Study material section start
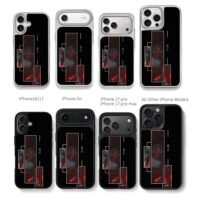Berserk Guts Berserker Armor Chris Brown Phone Case Black Electroplated Silver For Iphone 11 To 17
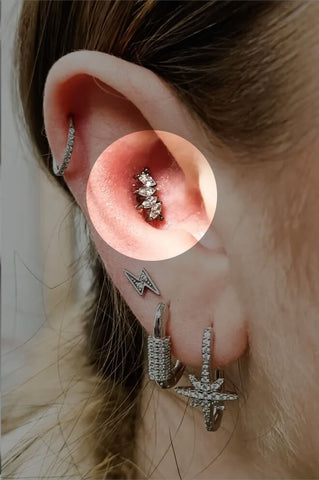 Piercing au conch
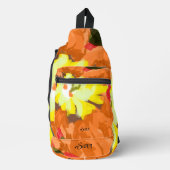 Backpack : Orange Yellow Flower . Crossbody Bag (Vorderseite)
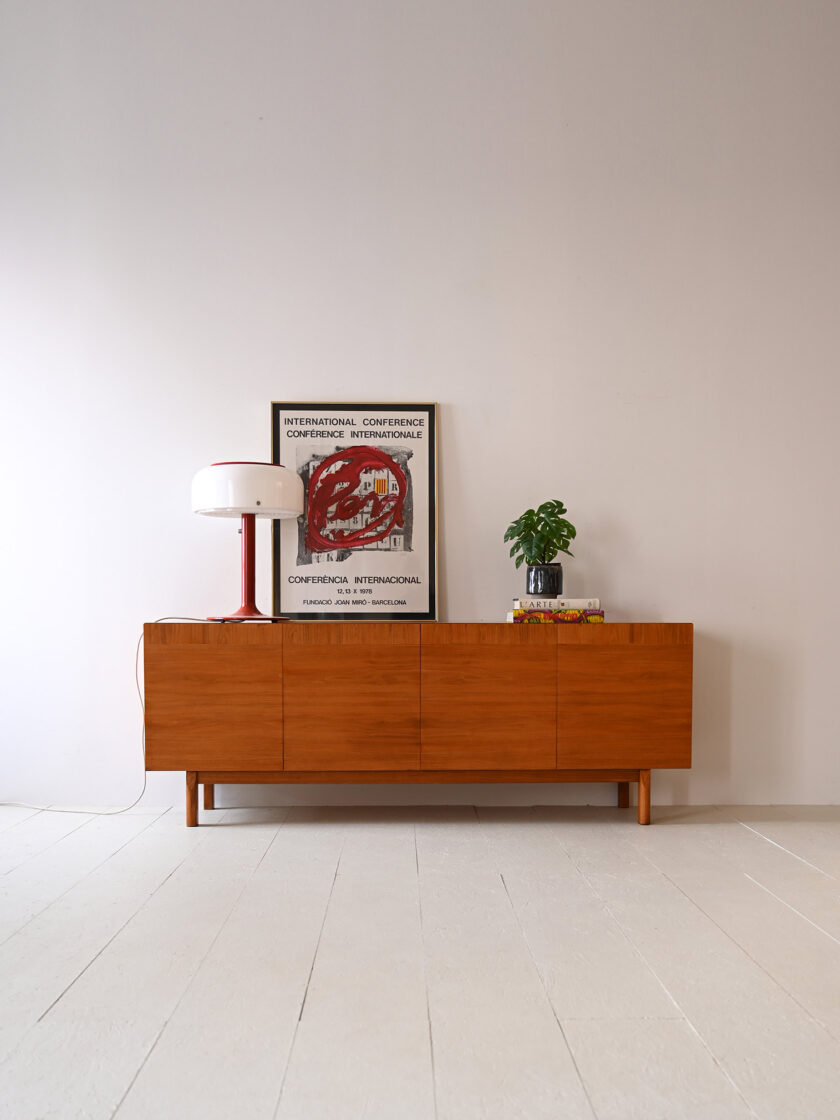 Sideboard scandinavo in teak di Nils Jonsson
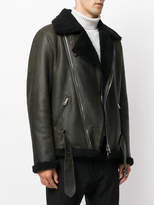 Thumbnail for your product : Giorgio Brato furry trim coat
Study material section end
Set the preceding data down again word for word, omitting images.

**Answer space:**
Berserk Guts Berserker Armor Chris Brown Phone Case Black Electroplated Silver For Iphone 11 To 17
 Piercing au conch
 Backpack : Orange Yellow Flower . Crossbody Bag (Vorderseite)
 Sideboard scandinavo in teak di Nils Jonsson
 Thumbnail for your product : Giorgio Brato furry trim coat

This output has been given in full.